2018年8月28日

 

 

 何々主義者というレッテル貼りは本人が何々主義者であると宣言でもしていないかぎり否定されるのが常である。何々主義者というレッテルの抽象度が極めて高く、具体的人間の複雑性を余りにも無視しているからである。

 竹中平蔵を市場原理主義者とすることも同様であって、数々の実証的反論によりそれは否定されるであろう。しかし、ある時期の竹中平蔵の主張が市場原理主義とされかねないマーケットメカニズム信仰の立場であり、その立場から規制緩和、行政改革その他の政策提言を繰り出していたことは事実と言わなければならない。

 また、純粋の理論家の立場をとらず、現実的政策提言を課題とすることを選んだ場合には、世の中の振り子の振れ具合に応じてその主張を変化させることは、激変による社会的摩擦を何よりも忌避する成熟社会においては、むしろ自然のこと、当然のこととも言える。純粋の理論家の仮面をかぶっての政策提言に対する倫理・道徳的な問題はあり得るが、政策提言はプロに近い知識層を対象になされていたのであり、理論的不十分性を竹中平蔵に突きつけられなかった知識層側に責任の半分はあると言うこともできる。

 

 

 さて、いずれにしても、市場原理主義者と誤解されかねない主張を展開してきた竹中平蔵がガラリと主張を変えているラジオ番組に今朝遭遇した(8月28日(火)6時43分NHKラジオ第1「社会の見方、私の視点」)。

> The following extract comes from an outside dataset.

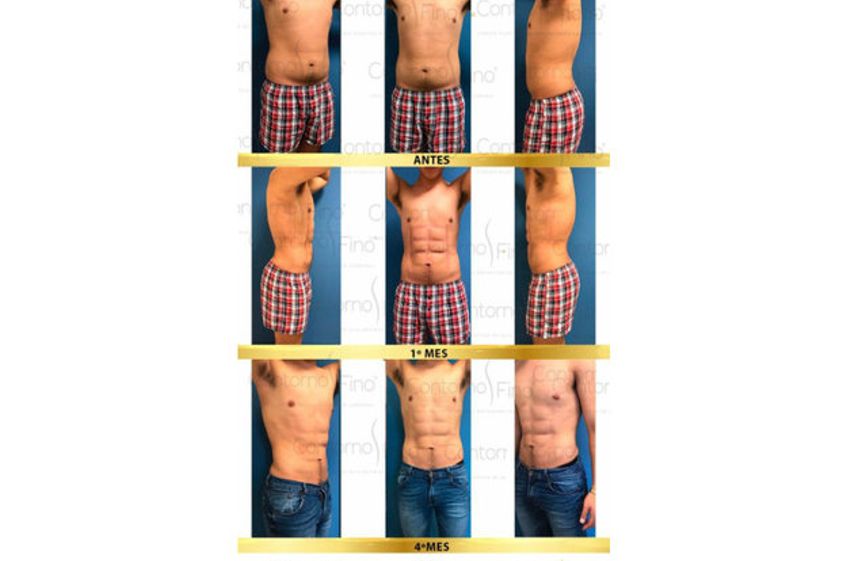 Abdominoplastia antes y después - 626699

 そこでの竹中の主張の結論は、究極の所得再分配政策ともいうべきベイシック・インカム政策を検討すべきというものであって、竹中の論理展開は以下のとおりである。

 すなわち、トランプに代表されるポピュリズムによって世界の自由貿易体制が大きな打撃を受けようとしている。自己利益を追求するつもりのアメリカを含め、世界は大きな経済的打撃をこうむることになる。このようなナンセンスなポピュリズムの席巻を許した経済的背景は、所得格差の拡大、それがもたらした社会の分断である。アメリカでいえば、東海岸の金融、西海岸のITの繁栄の一方での中西部の従来型産業の衰退というのがそれである。同様の事態が世界各国で生じている。この事態への対応にはしっかりした所得再分配政策がとられなければならない。すなわちベイシック・インカム政策導入が必要である。

 

 

 明らかに主張が変化した竹中平蔵を個人攻撃することには何の実益もない。彼は政策説明のわかりやすさという特技をもった優秀な学者タレントである。攻撃するよりは活用されるべきだろう。

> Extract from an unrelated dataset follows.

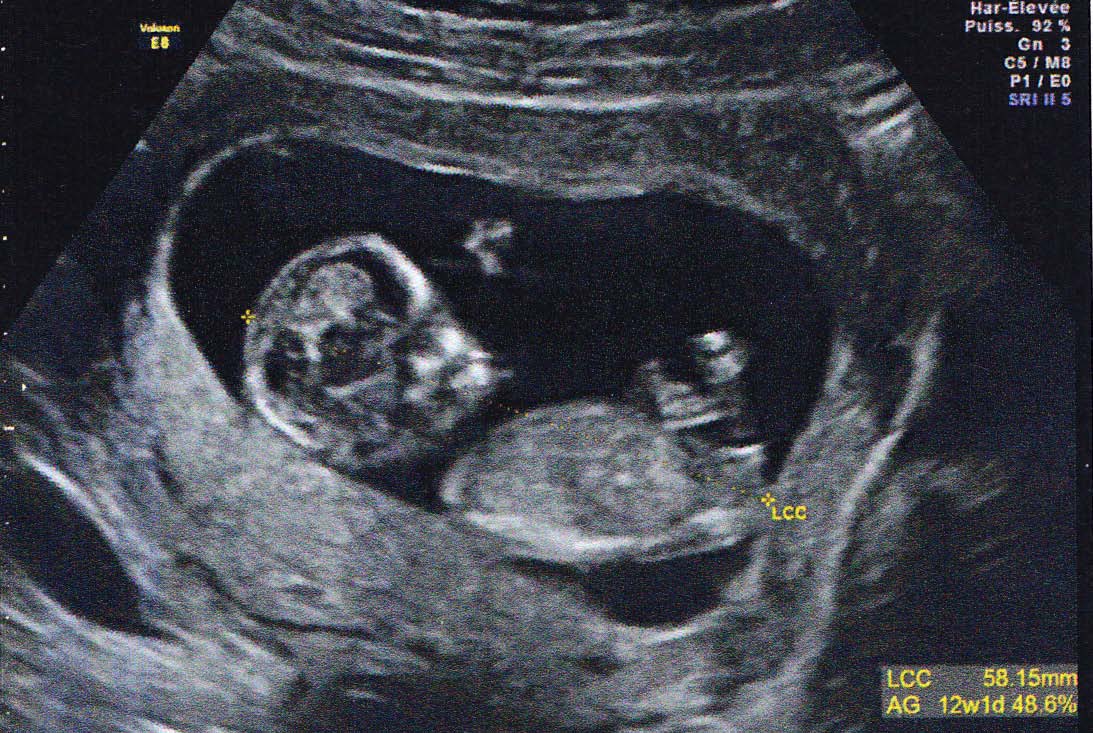 Echo A 12 Sa Garcon Ou Fille Echographie Connaitre Le Sexe De Votre Bebe Forum Grossesse Amp Bebe Doctissimo Echo A 12 Sa Garcon Ou Fille Echographie Connaitre Le Sexe De Votre Bebe Forum Grossesse Amp Bebe Doctissimo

 我々としてしっかり認識しておくべきは、竹中の主張変化は竹中個人のことではなく、竹中の主張変化は「総資本」(便利なので取り敢えずこの単語を使っておく。)の状況認識の変化の象徴として登場しているということである。安倍の三選があろうとなかろうと、アベノミクスの転換は必至ということである。そしてもしかすると、それは小さな政府から大きな政府という方向転換かもしれないということである。